**GOAL OF THE EXERCISE:**
Return exactly, please, the lines from the one containing "Zwei Personen stehen" to the last line of the entries below, and nothing else, leaving pictures out.

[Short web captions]
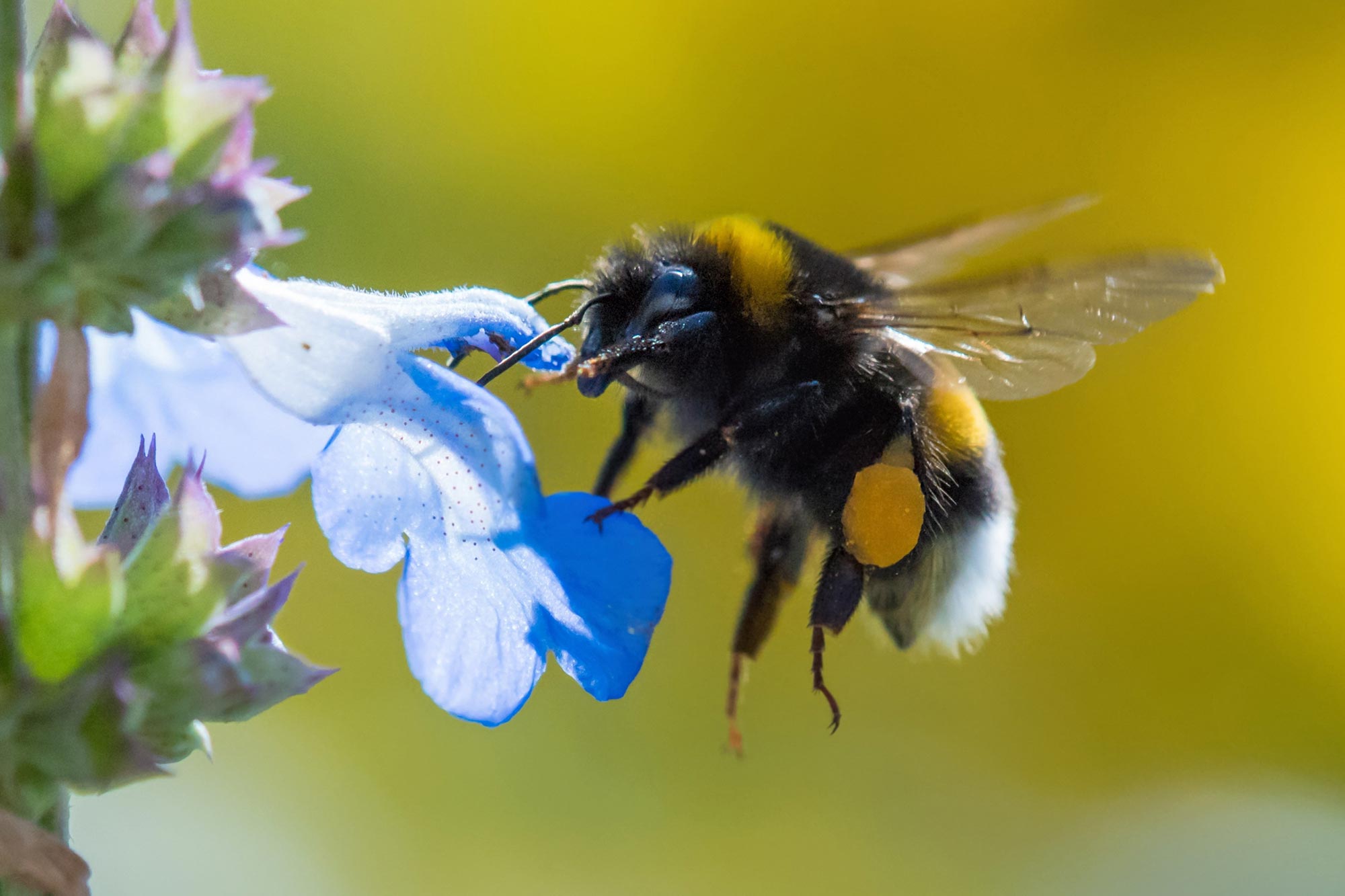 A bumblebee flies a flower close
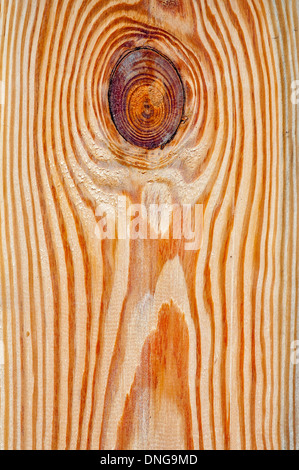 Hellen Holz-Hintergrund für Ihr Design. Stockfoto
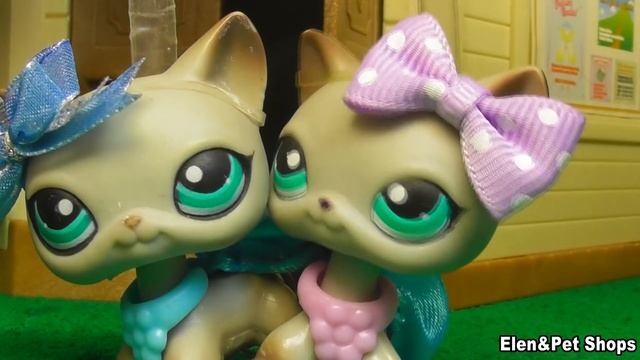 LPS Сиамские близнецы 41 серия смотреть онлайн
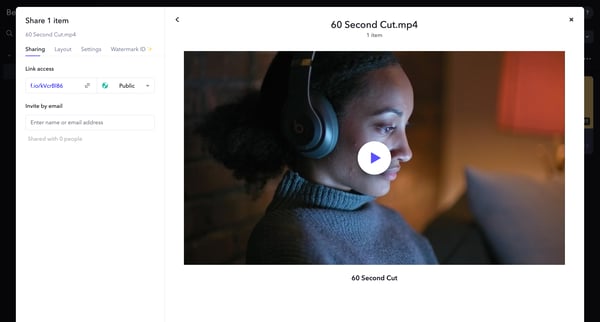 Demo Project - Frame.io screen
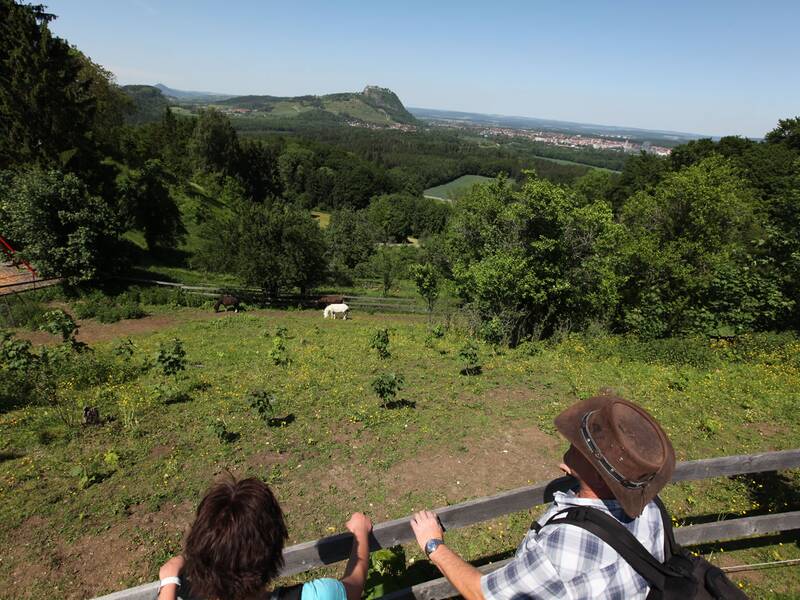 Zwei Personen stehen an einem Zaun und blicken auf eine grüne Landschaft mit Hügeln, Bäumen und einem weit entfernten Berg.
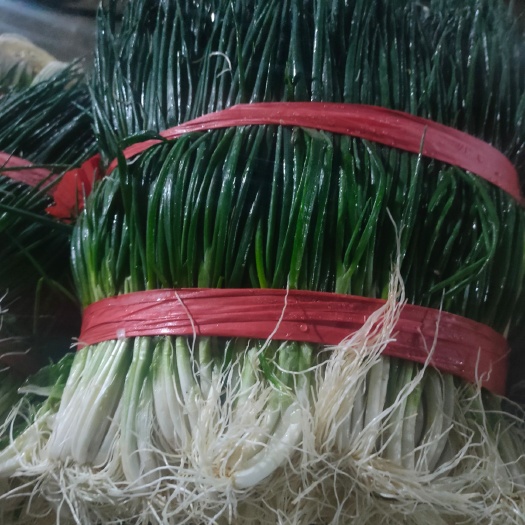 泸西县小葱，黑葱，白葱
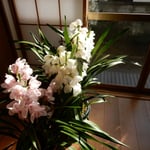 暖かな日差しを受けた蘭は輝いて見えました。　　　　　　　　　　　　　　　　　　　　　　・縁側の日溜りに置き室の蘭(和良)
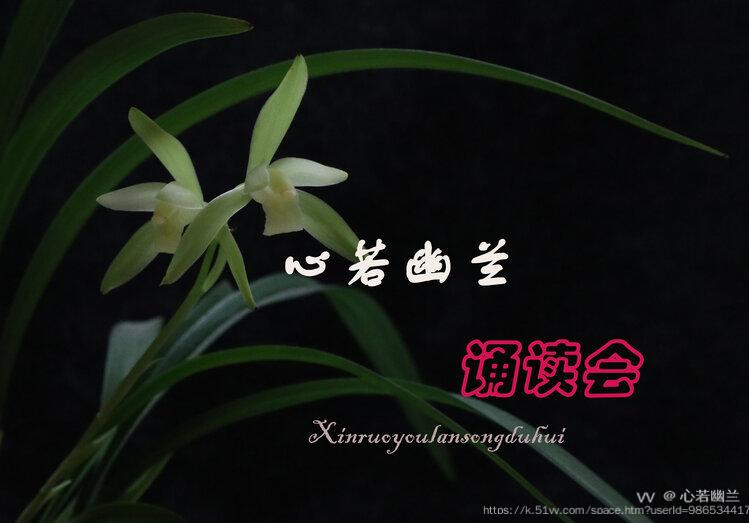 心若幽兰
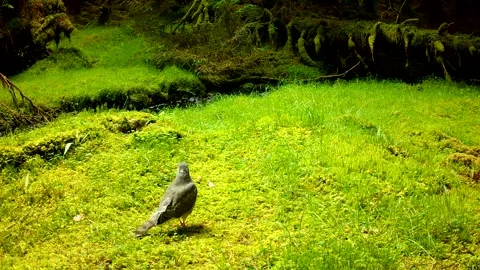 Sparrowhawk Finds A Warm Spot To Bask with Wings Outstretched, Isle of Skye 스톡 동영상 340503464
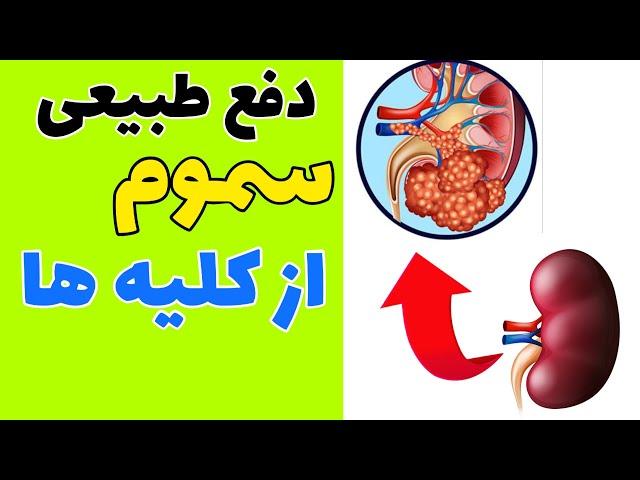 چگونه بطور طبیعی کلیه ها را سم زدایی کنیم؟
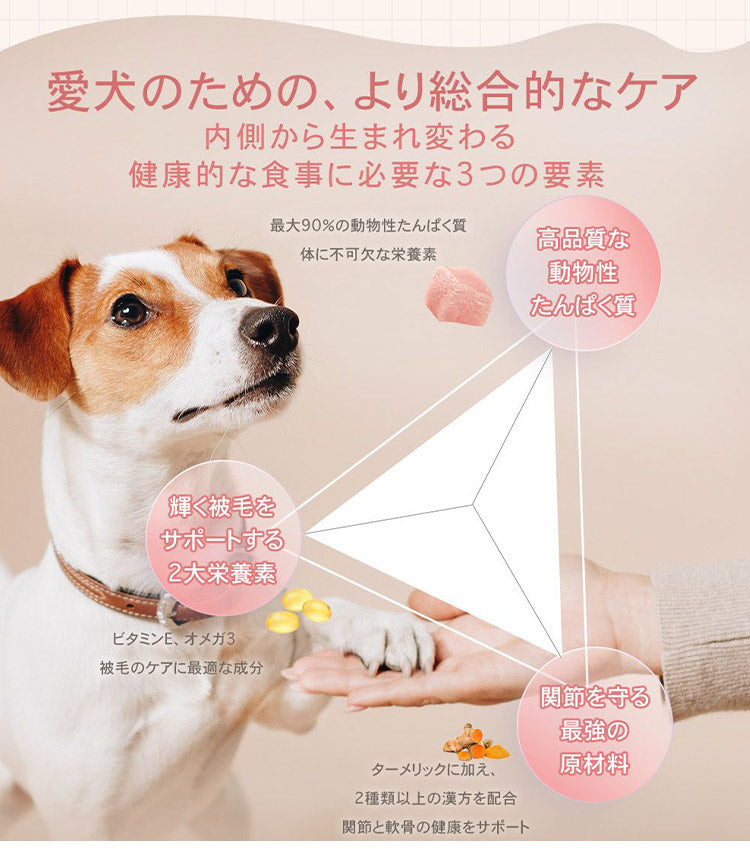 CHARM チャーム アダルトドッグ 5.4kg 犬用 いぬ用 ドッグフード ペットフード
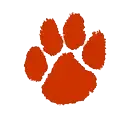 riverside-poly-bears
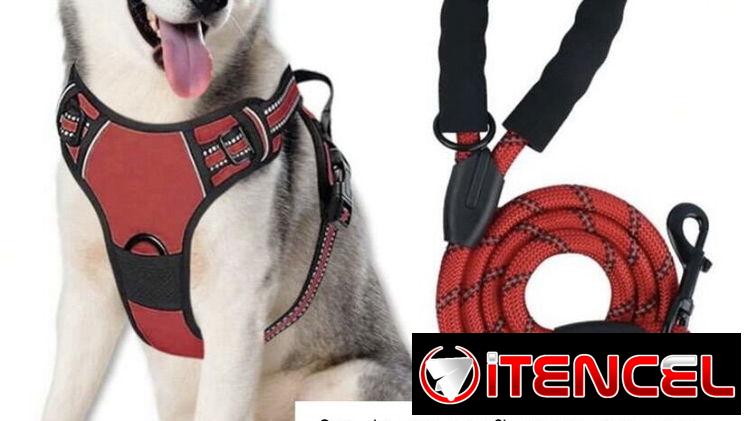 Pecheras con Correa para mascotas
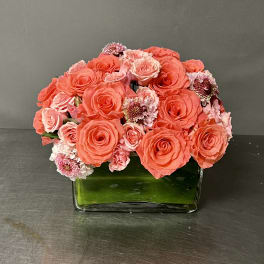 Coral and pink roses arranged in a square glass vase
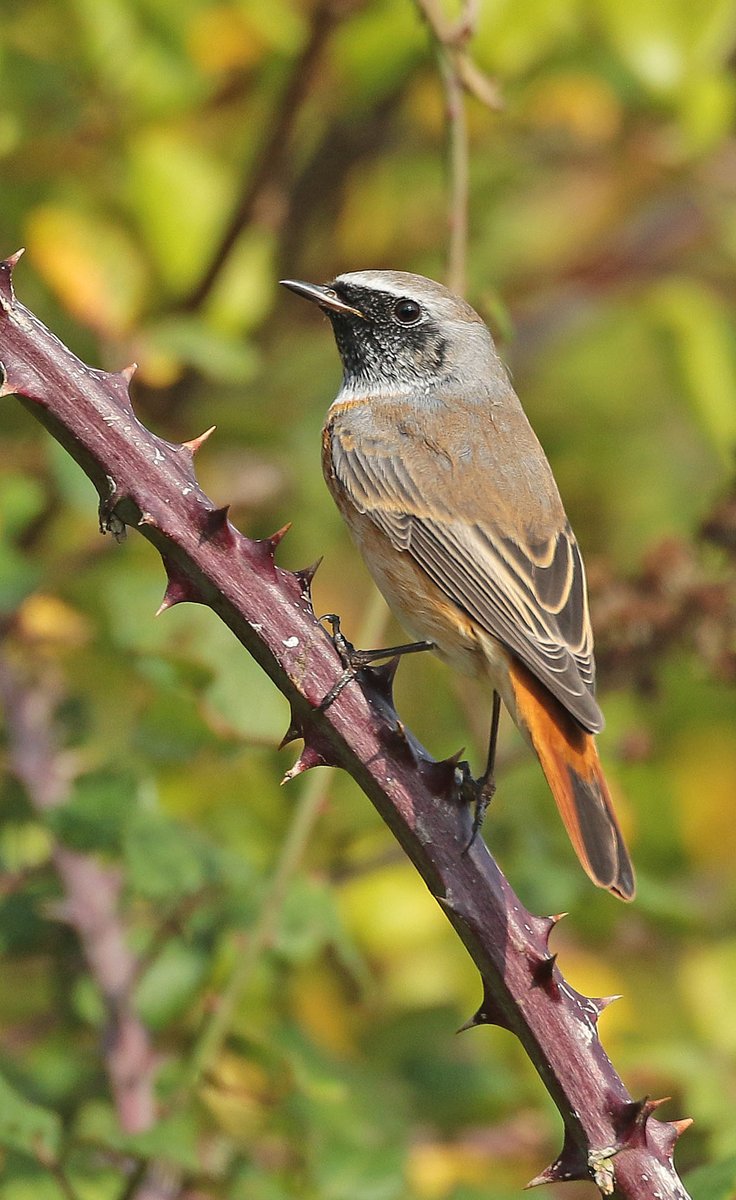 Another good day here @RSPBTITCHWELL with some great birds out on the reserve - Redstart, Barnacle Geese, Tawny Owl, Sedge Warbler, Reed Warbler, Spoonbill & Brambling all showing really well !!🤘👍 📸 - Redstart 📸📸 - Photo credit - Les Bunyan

**EXERCISE ANSWER:**
 Zwei Personen stehen an einem Zaun und blicken auf eine grüne Landschaft mit Hügeln, Bäumen und einem weit entfernten Berg.
 泸西县小葱，黑葱，白葱
 暖かな日差しを受けた蘭は輝いて見えました。　　　　　　　　　　　　　　　　　　　　　　・縁側の日溜りに置き室の蘭(和良)
 心若幽兰
 Sparrowhawk Finds A Warm Spot To Bask with Wings Outstretched, Isle of Skye 스톡 동영상 340503464
 چگونه بطور طبیعی کلیه ها را سم زدایی کنیم؟
 CHARM チャーム アダルトドッグ 5.4kg 犬用 いぬ用 ドッグフード ペットフード
 riverside-poly-bears
 Pecheras con Correa para mascotas
 Coral and pink roses arranged in a square glass vase
 Another good day here @RSPBTITCHWELL with some great birds out on the reserve - Redstart, Barnacle Geese, Tawny Owl, Sedge Warbler, Reed Warbler, Spoonbill & Brambling all showing really well !!🤘👍 📸 - Redstart 📸📸 - Photo credit - Les Bunyan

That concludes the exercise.